> _Instructions for the task_
Your task is to output all the records below, word for word.

::::

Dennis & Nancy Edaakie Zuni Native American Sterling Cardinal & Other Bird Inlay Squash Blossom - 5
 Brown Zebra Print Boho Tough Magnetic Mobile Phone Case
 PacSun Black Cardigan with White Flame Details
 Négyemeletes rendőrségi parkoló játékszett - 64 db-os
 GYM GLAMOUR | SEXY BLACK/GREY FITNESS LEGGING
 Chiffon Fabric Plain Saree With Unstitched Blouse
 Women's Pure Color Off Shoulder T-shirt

::::

> _Exercise result_
Dennis & Nancy Edaakie Zuni Native American Sterling Cardinal & Other Bird Inlay Squash Blossom - 5
 Brown Zebra Print Boho Tough Magnetic Mobile Phone Case
 PacSun Black Cardigan with White Flame Details
 Négyemeletes rendőrségi parkoló játékszett - 64 db-os
 GYM GLAMOUR | SEXY BLACK/GREY FITNESS LEGGING
 Chiffon Fabric Plain Saree With Unstitched Blouse
 Women's Pure Color Off Shoulder T-shirt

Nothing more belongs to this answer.